LONDON (Reuters) - Three primary school age children in one English city reaped more than the usual harvest of sweets and chocolates on Halloween when they emptied their trick-or-treat goody bags and found several bags of cocaine.
On Monday, the man who had mistakenly handed out his cocaine stash to the children instead of candy was given a community service sentence in court, the Press Association reported.
Apprentice panel-beater Donald Junior Green fished in his pockets for a bag of chewy sweets to give to the youngsters at his door on Halloween, but instead pulled out a plastic pack containing eight bags of cocaine he had bought for 200 pounds earlier that day, Oldham Magistrates' Court heard.

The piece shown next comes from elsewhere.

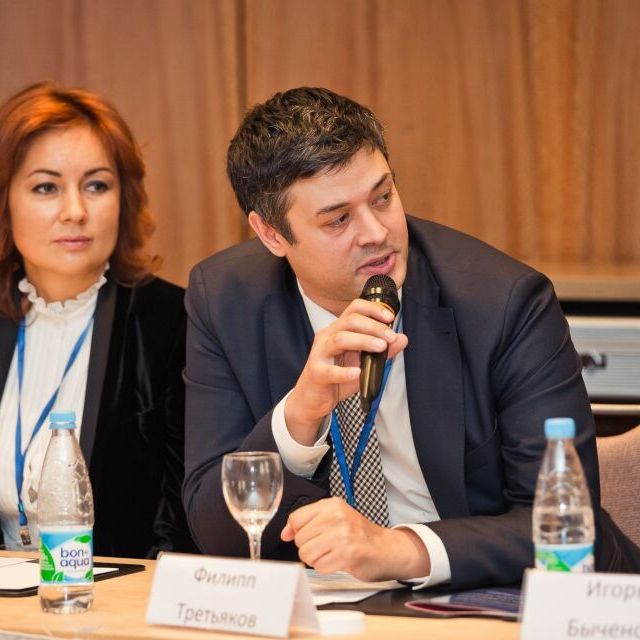 Urban Space 2015: каких изменений ждать застройщикам в ближайшем времени? - фото 354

He dropped the drugs into the goody bags carried by the three children, aged eight, six and five, who were out trick-or-treating escorted by their father, an off-duty policeman.
The 23-year-old defendant then closed the door, went back inside the house and put his hand in his pockets to get out his drugs - but instead pulled out the sweets.
Green immediately realised what had happened and went on foot, then by car, scouring the streets of Oldham in northern England to find the youngsters.
But the officer, Pc Simon Fowell, had taken his children home and, as they emptied their bags to share the spoils, he spotted the drugs, and made a swift call to on-duty colleagues.